■ **Activity**
Set down each record below exactly as it stands. Pictures are not part of the copy.

■ **Records to use**
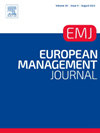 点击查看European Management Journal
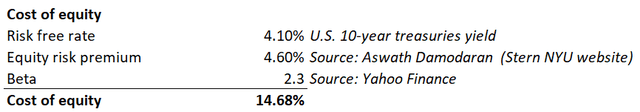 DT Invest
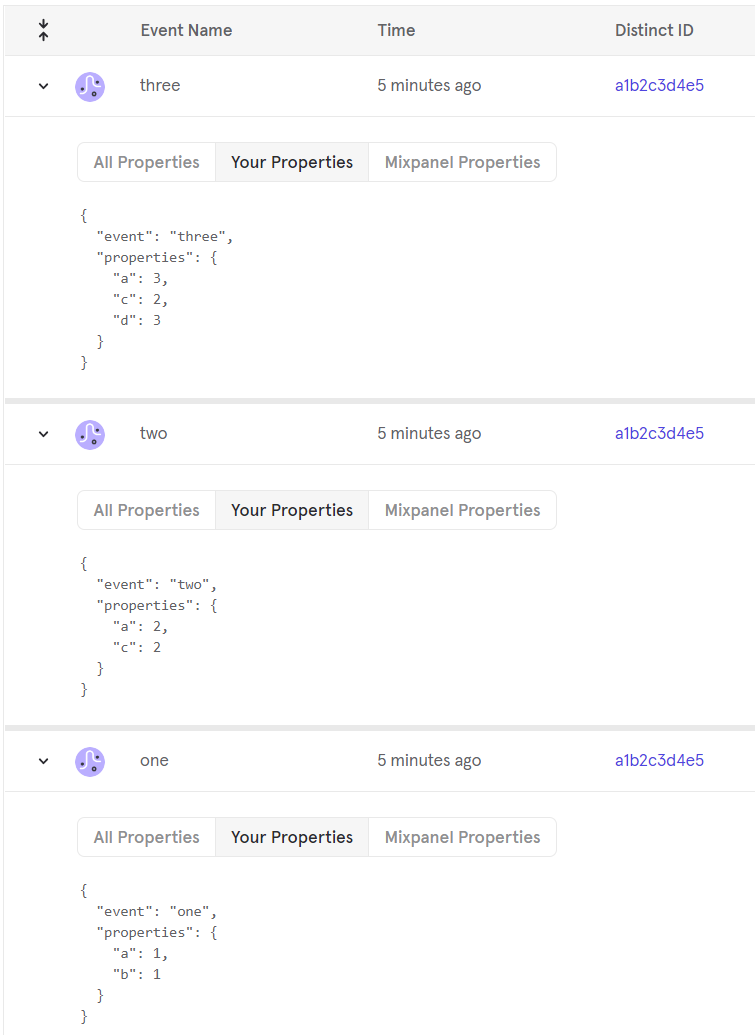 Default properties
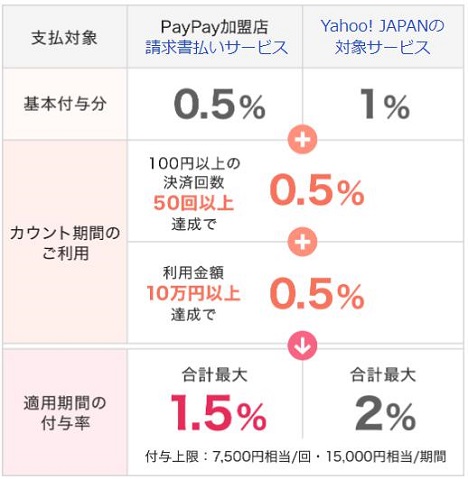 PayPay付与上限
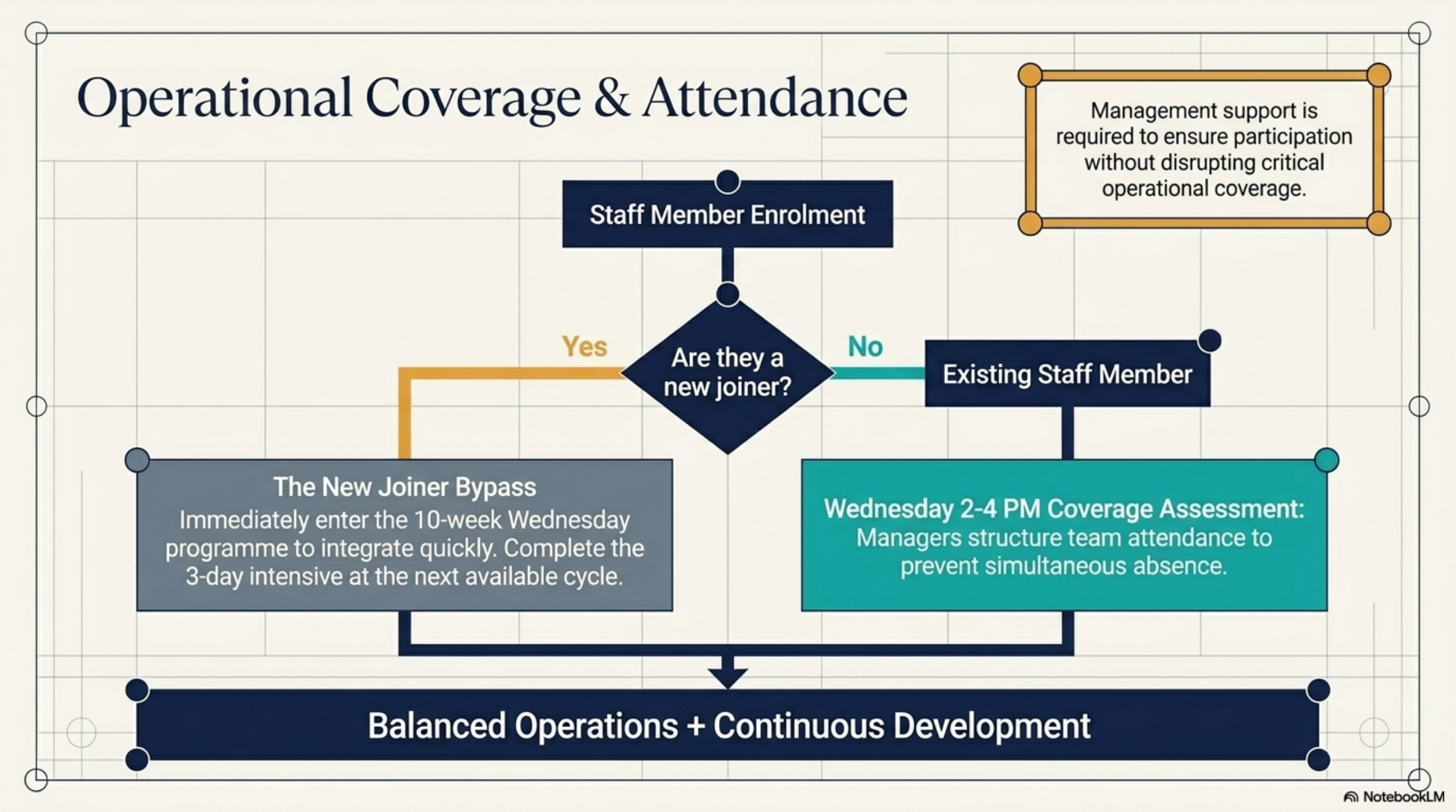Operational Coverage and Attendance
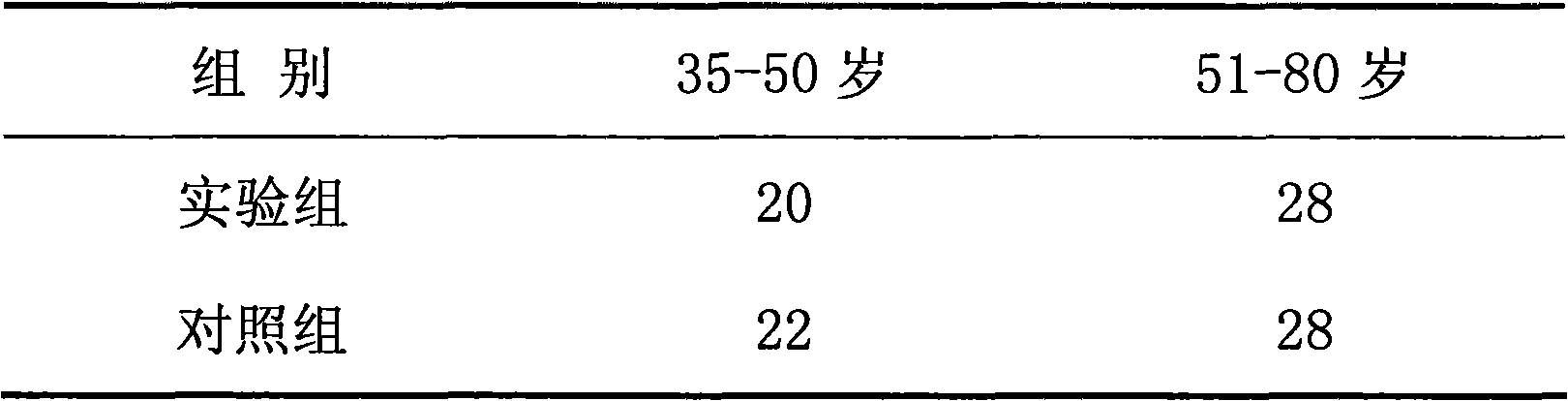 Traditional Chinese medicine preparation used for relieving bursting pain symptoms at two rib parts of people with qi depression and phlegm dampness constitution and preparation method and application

■ **Solution**
 点击查看European Management Journal
 DT Invest
 Default properties
 PayPay付与上限
Operational Coverage and Attendance
 Traditional Chinese medicine preparation used for relieving bursting pain symptoms at two rib parts of people with qi depression and phlegm dampness constitution and preparation method and application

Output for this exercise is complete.